On the subject of blogs et cetera, I’ve also been secretly working on another Silky blog on the sly. One to accompany my Silky namesake on Second Life alone, chock full of way more electro (and nothing but electro) and all about the music and the scene online. Since I haven’t been able to spin for so long now, I’ve been training with Ableton Live in the hopes of getting back in the game with a much bigger, stronger arsenal of mad skills, if ya know what I mean.
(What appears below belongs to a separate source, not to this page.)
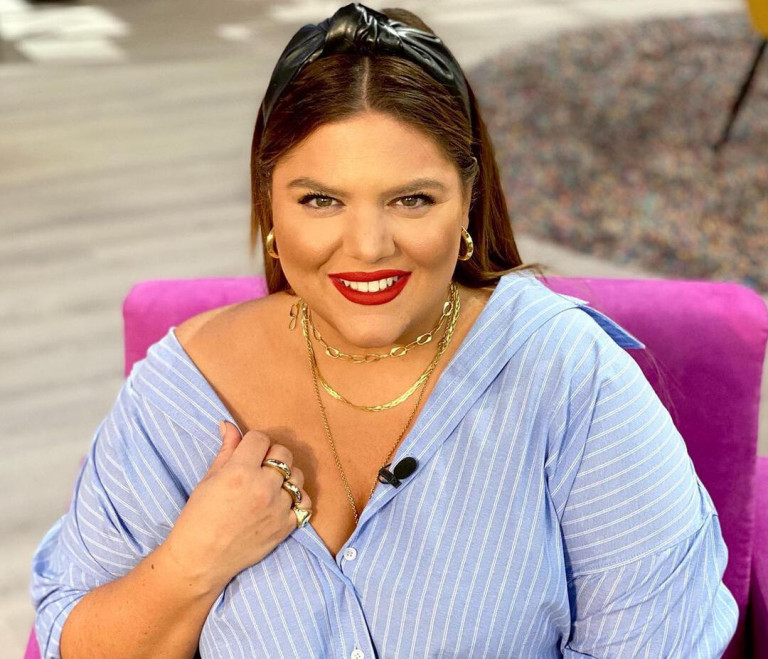 Δανάη Μπάρκα – Το πανέμορφο μπουκέτο λουλουδιών που δέχτηκε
Ableton Live is simply amazing and there’s no arguing that but my shoddy excuse for a PC just isn’t cutting it anymore. (It’s survived numerous trials, so I can’t really knock Hypersonic for their uber-developed and souped-up Clevos.) So, I might be migrating my DJ business to the Mac for now.

In other news, I’m currently developing a small website for a client outside of Century 21 so if anyone asks, you heard nothing. Just a little something for Tortuga Rum Cake Co., nothing major but we could always do with a few extra funds.

I’ve been missing my friends. I guess D and I both have. Aside from frequent visits from my parents, we’re virtually alone on this island now. Just the three of us. And I’d like to say more about other persons that have recently entered our lives but it seems as though they may be slowly slipping out already. Oh, well. On with the show…

Tuesday, 15 July, 2008 at 7:45 am Leave a comment

Just Another Day In Paradise

I haven’t said much about life in general lately and I’m starting to worry that people out there, whoever you are, might start to think that I’m some kind of bad mother for not mentioning my little bundle o’ joy more often. Well, if only to save myself from public shame, I have to tell you that D and I have been incredibly busy with Phoenix since his arrival, naturally. Which is mostly why I’ve neglected my innocent little blog so much as of late. We barely have time for much else but, to whomever it may concern, I’ll give you a small glimpse into what goes on behind this web-based facade of my silly, misguided existence.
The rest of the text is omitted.